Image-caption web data
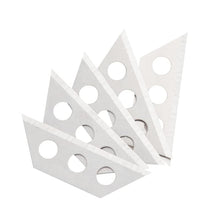 Load image into Gallery viewer, Sheffield 5PK Mini Utility Blades, Multi, One Size, 12851
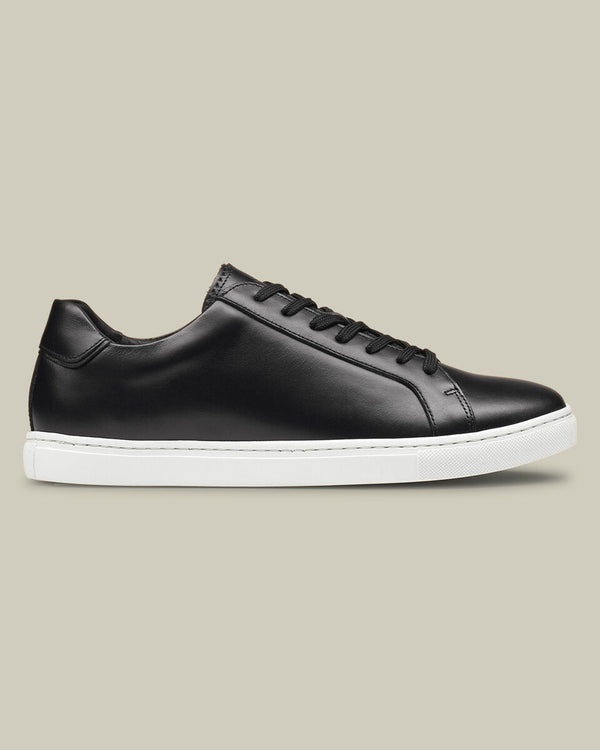 Leather Dress Sneakers - Black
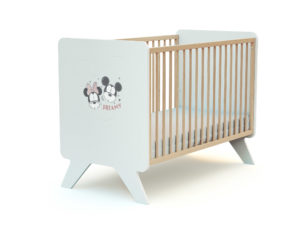 DISNEY Happy Days Mickey 2-piece nursery set - Happy Days - White and Beech - Solid beech, high-density fibreboard and particleboard.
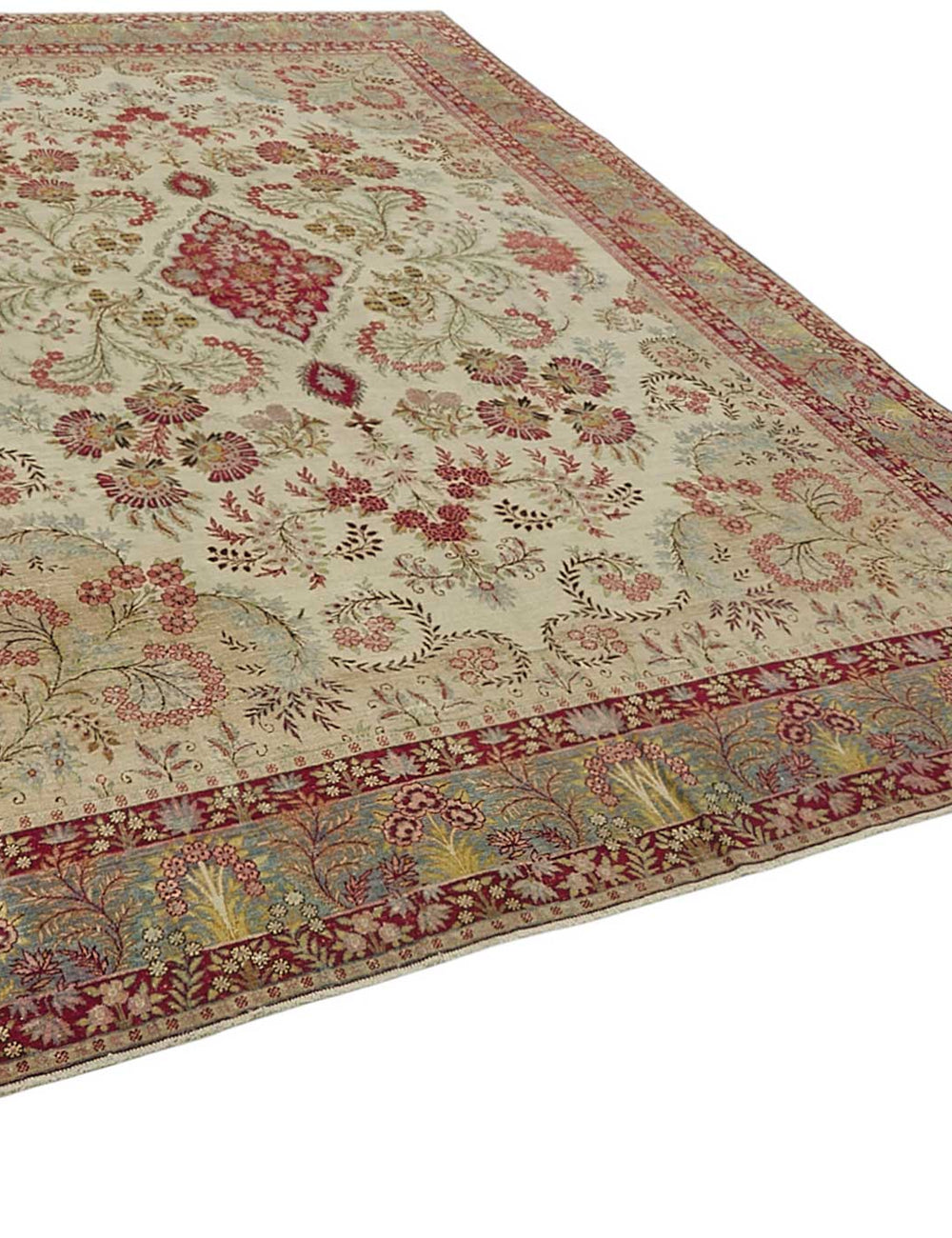 Persian Antique Rug 2.63 x 3.78 - Beige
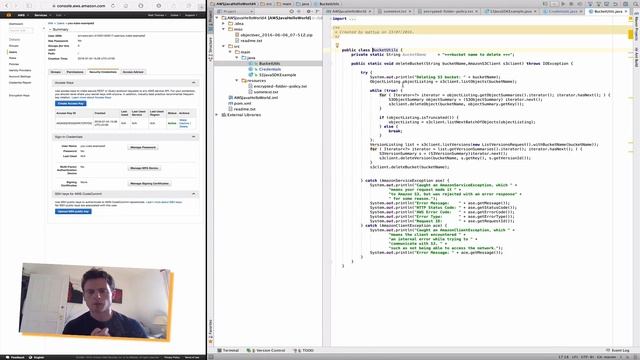 Getting started with AWS Java SDK with S3 - live demo and sample project смотреть онлайн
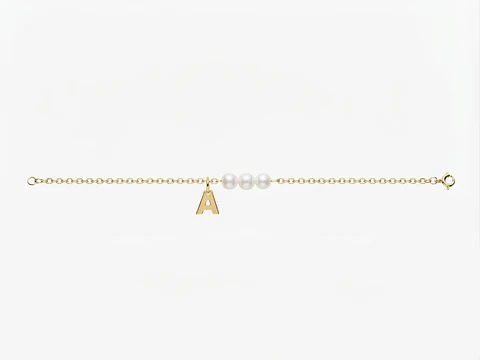 Pulsera Perlas & Letra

## WHAT IS REQUIRED
Word for word, output the lines from the line bearing "Getting started with" through the end of the records above, and only those, without the pictures.

## SOLUTION FOR THIS PROBLEM
 Getting started with AWS Java SDK with S3 - live demo and sample project смотреть онлайн
 Pulsera Perlas & Letra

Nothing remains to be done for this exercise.